Doug Laderer, 58, is always up for a physical challenge. A veteran biker, the Longridge Drive resident completed the Bike MS 150 from Pittsburgh to Lake Erie seven years in a row to raise money for multiple sclerosis research. His eldest daughter Sarah, 26, also loves to cross the finish line. A runner, she finished 36th among women in the 2018 Pittsburgh Marathon and qualified for the Boston Marathon next April.
Last fall, however, the father-daughter team took on a five-day challenge that meant much more to them than any past race. They set out to bike 335 miles roundtrip to Washington, D.C., to raise money to fund research into anaplastic lymphoma kinase (ALK) positive non-small cell lung cancer. The reason? Doug’s brother, Greg, is living with this rare type of cancer that typically affects younger non-smokers. Their mother, Shirley Finlay Laderer, also a non-smoker died from non-small cell lung cancer in 2004. (The ALK positive gene had not been discovered.)
Greg is an artist who grew up in Mt. Lebanon, the middle of three brothers, and lived here before moving to Booth Bay, Maine, where he now resides with his wife, Beth, and their daughter, Avery, 25. Doug, the youngest brother, is married to a fellow Mt. Lebanon grad, Tracy Hug Laderer, and they have two other daughters, Maggie, 23, and Christine, 21. Doug and Greg’s older brother, Bob, is a physician in New Orleans.
When Greg was diagnosed 18 months ago, the disease already had spread to his spine, ribs, liver and brain, as is typical with this type of cancer, His cancer currently is suppressed by targeted therapy that inhibits the gene from signaling, but it cannot be cured—at least not yet. It was Greg who suggested his brother and niece ride. “Next time, why not do it to raise money for research on the type of cancer I have,” he asked.
Doug says only 4 to 5 percent of people with non-small cell lung cancer have the ALK gene mutation, a rearrangement of the ALK gene that causes a malfunction in the human body that produces cancerous cells. Four treatments for ALK positive lung cancer currently are available, but they don’t work on everyone and, if they work, it’s only for a period of time, he adds: “The cancer always seems always to figure a way around it.”
More research could change that. “We need earlier detection,” because people don’t find out about it until stage four, when it has spread throughout their bodies,” Greg says, “And we need to open a window of time, where research will figure out something to either cure [the cancer] or put it at bay for longer periods of time”
On the positive side, “extremely fast progress” has been made since their mother died, Doug says. When the ALK positive gene was discovered in 2009, survivors and their caregivers around the world united to provide “information, support and empathy.” They organized ALK Positive as a 501c3 nonprofit (www.alkpositive.org/) and are partnering with LUNGevity to fund research proposals that seek to overcome the resistance to targeted therapies, eventually making ALK positive lung cancer a chronic condition. So far the group has raised close to $600,000 and has recently awarded three major research grants.
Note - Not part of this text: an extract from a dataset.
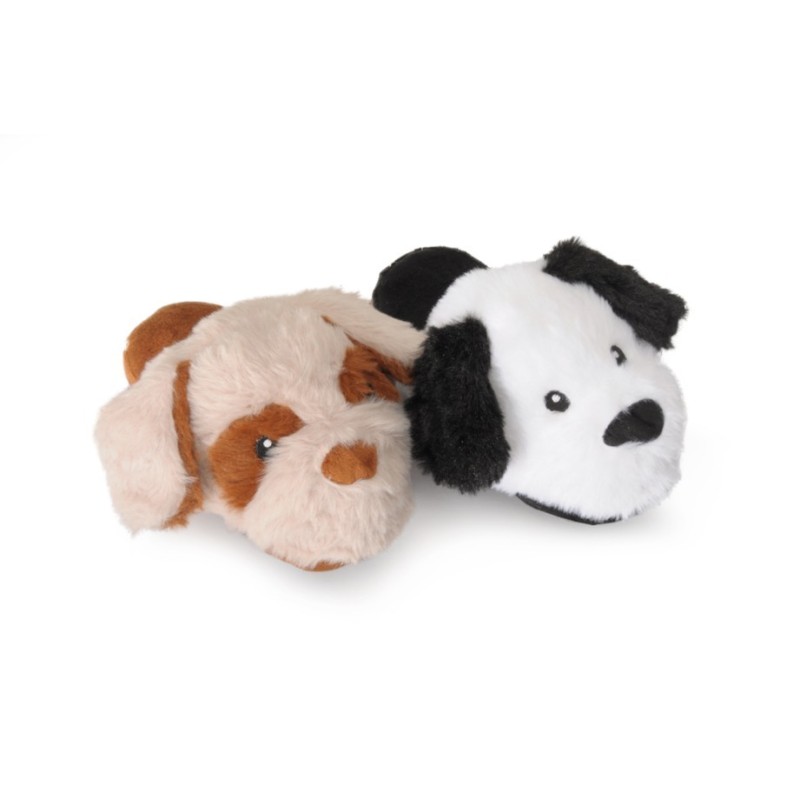 Ciabattine a forma di animaletti fruscianti e con squeaker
Doug and Sarah set out on their cross bikes wearing customized T-shirts that said, “Cycling to Save My Brother,” and “Cycling to Save My Uncle,” and carrying cards imprinted with the donation website. They got lots of questions—and contributions—along the way.
They didn’t reach their original destination—heavy rain had flooded out the old canal towpath along the Potomac River en route to the nation’s capital. But they did complete the promised 335 miles. “We rode to Cumberland—150 miles away—and back and biked the extra miles around Pittsburgh,” Doug says.
They arrived home in Pittsburgh on September 24, Greg’s 61st birthday, and were thrilled to find he had made a surprise visit to Mt. Lebanon from Maine so they could celebrate together.
Doug and Sarah’s race was not just for money but for time—more time with their loved one, more time for others who will receive this earth-shattering diagnosis in the future. Their original goal was to raise $10,000. They reached that in eight days and by November 1 had raised more than $30,000, which they hope to double.
“Greg is really overwhelmed by what we did and by the generous outpouring of donations that have come from it” says Doug. Many donations came from Mt. Lebanon friends and the fraternity brothers (years 1975-85) of Penn State’s Phi Kappa Psi chapter, where both Doug and Greg were members.